Rédigé par leral.net le Vendredi 20 Septembre 2019 à 11:34 | | 0 commentaire(s)|

De nombreux Tunisiens, dont des politiques, ont réagi après l'annonce du décès de l'ancien dictateur tunisien, jeudi, en Arabie Saoudite. Si certains le considèrent comme une figure de la Tunisie prospère, d'autres le perçoivent comme un tortionnaire.

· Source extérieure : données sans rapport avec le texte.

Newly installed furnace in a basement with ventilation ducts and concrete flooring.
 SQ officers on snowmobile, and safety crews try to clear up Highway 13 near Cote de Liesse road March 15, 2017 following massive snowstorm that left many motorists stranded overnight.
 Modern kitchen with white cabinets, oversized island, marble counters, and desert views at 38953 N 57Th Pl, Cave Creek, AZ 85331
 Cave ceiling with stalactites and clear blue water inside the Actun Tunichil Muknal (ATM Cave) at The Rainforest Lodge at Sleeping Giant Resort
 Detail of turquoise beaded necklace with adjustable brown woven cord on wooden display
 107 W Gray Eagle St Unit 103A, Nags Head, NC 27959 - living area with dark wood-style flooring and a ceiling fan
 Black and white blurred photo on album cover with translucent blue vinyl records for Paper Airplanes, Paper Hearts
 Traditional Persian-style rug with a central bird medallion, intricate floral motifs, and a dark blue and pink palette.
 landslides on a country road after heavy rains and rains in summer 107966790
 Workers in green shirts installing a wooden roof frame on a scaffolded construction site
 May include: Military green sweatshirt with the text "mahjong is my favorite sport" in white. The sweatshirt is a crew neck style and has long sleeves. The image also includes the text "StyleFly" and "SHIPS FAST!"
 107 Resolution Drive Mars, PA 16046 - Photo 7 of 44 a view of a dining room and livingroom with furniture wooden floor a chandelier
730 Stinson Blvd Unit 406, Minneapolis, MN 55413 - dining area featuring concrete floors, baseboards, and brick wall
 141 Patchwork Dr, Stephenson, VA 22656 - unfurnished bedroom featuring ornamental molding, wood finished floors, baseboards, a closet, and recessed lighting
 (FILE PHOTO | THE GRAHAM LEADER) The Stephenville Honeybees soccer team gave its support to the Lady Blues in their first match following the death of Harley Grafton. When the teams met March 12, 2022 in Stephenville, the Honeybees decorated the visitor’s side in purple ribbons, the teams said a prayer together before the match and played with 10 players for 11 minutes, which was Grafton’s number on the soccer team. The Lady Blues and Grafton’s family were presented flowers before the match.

Parti de la Tunisie le 14 janvier 2011 par avion avec la conviction de revenir rapidement, le président autocrate Zine el-Abidine Ben Ali n’est jamais revenu pour finalement mourir en exil en Arabie Saoudite, comme l’a annoncé, jeudi, l’une de ses filles sur les réseaux sociaux. Une absence physique certes, mais en Tunisie son nom est toujours resté dans les esprits et a continué d’alimenter régulièrement les controverses de ces presque neuf dernières années.

«La vie était mieux avant»

Candidate à l’élection présidentielle dont le premier tour s’est déroulé dimanche, Abir Moussi, la dirigeante du Parti destourien libre, n’a cessé de réclamer son retour sur sa terre de Tunisie. Elle a finalement obtenu 4,02  % des voix  : c’est peu mais non négligeable pour un régime renversé par le peuple. Surtout que même à Sidi Bouzid, le berceau de la révolution, des anciens protestants ont voté pour elle. «Moi, je suis un peu triste d’apprendre sa mort. Mais aujourd’hui, il a le droit au respect et à reposer chez lui», relate par téléphone Samir Abdelli, l’un de ses révolutionnaires de la première heure, qui a voté Moussi. L’homme, désabusé par la dégradation des conditions de vie dans la région malgré les promesses, n’hésite pas à affirmer que la «vie était mieux avant» à cause des problèmes économiques du pays qui compte 15,3  % de chômage.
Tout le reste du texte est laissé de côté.